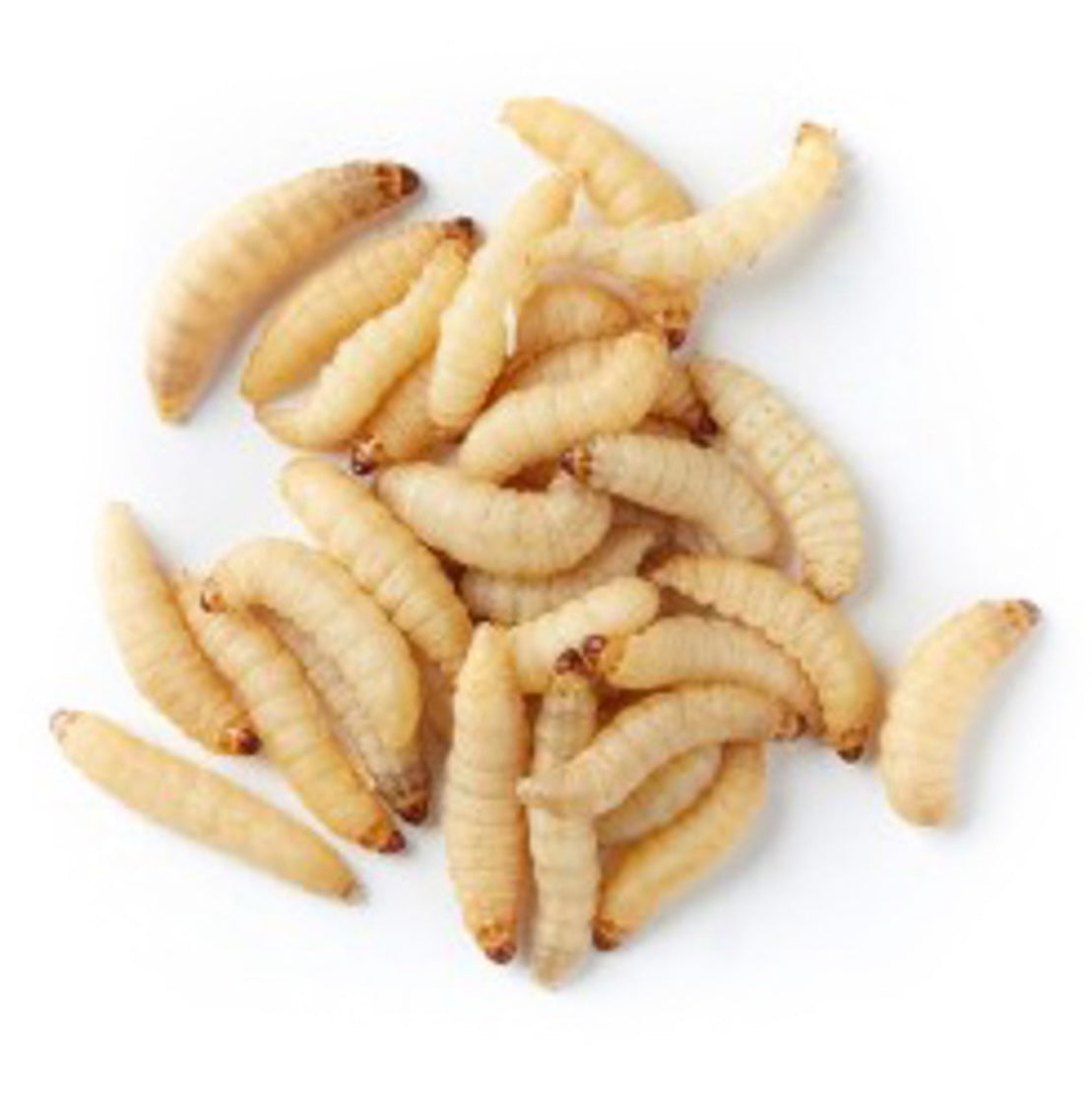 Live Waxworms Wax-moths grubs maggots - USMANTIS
──────────────────────────────
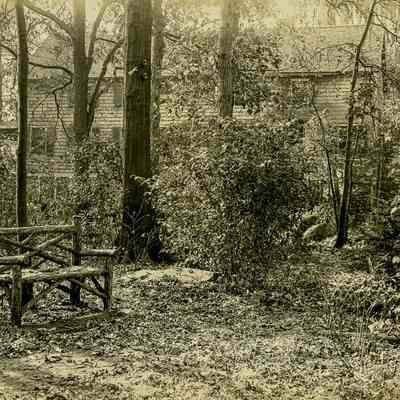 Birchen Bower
──────────────────────────────
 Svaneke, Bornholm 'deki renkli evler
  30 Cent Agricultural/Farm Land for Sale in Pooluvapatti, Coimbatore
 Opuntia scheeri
──────────────────────────────
▶ **Work order**: Going back over the entries above, copy word for word every line from the one that has "30 Cent Agricultural/Farm" on through the one that has "Opuntia scheeri".

▶ **Output below**:
  30 Cent Agricultural/Farm Land for Sale in Pooluvapatti, Coimbatore
 Opuntia scheeri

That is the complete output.